Right. Yep, I'm right here. Right around. So this is a continuous light source, like all these are continuous light source, like the sun, it's a hot light. It's gonna be tungsten-balanced.
Back towards me just a bit.
Okay. Oh, that's too far, okay. So it's 3200K on the color balance thing. It's a small spot, and it's super hard, super focused. It has a lens in it, it's called a Fresnel, and you can flood it and spot it in the back here usually. This one doesn't seem to be cooperating. (crowd laughs) But I hope it's right where it should be. Usually in the back here, you can flood the spot. You see what's happening on that wall over there? Right, so it's very hard. And you would think if I spotted that light, right? Chris, I'm gonna have you turn that, right?

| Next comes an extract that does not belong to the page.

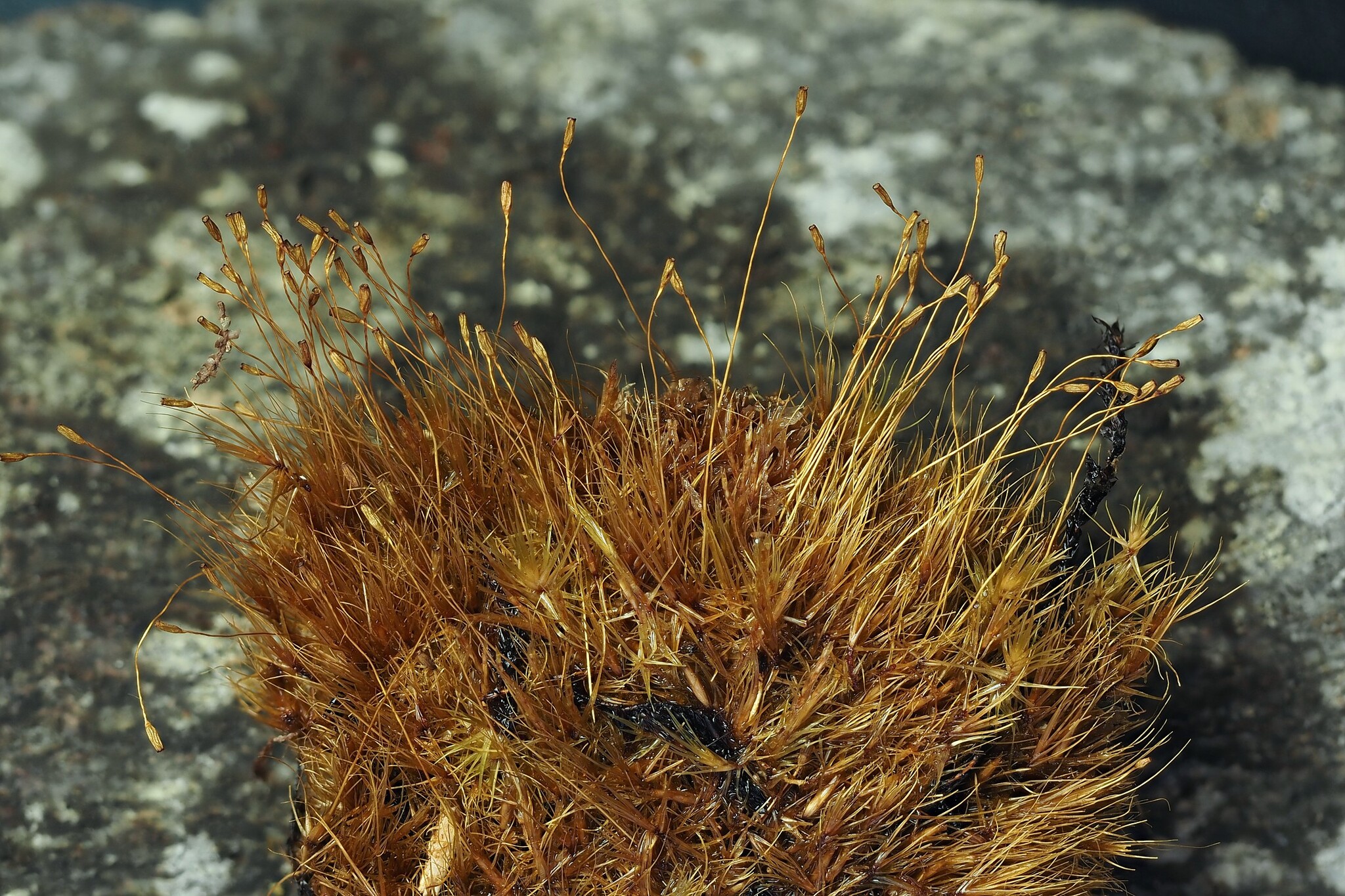 Atractylocarpus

We're just looking at the shadow.
Did you just--
Oh, I just kicked it, huh?
Just a bit. (crowd laughs)
Damn you, Clay! Right, so we're just looking at that shadow, and flood it out. As we flood it out, actually the shadow gets harder. You'd think if you spotted it, it gets harder, but-- And this is what I want, I want a really crisp shadow. And I experimented with-- I wanted to do it another way, so I tried speed lights. I tried all this stuff in preparing this little lighting lesson. This one just seemed to work the best, and it works the best because it has a lens and because it's taking that lens and it's straightening. Just taking the straightest rays of light, creating the hardest shadow. We're gonna play with this today. People, when they wanna cast shadows, what they really need to realize is it's all about-- (squeak) It's-- (squeak) (laughs) It's all about your distance of your light source to your subject, so this is my go-between, this'll be my-- I'm gonna use these blinds here in a minute, and we're gonna put some blinds up, and we're gonna create some shards of light. So the thing you wanna play with in this situation is this distance. If you want really hard shadows, your light's gonna need to be pretty far away. And if you could just turn that off, 'cause it's so nasty.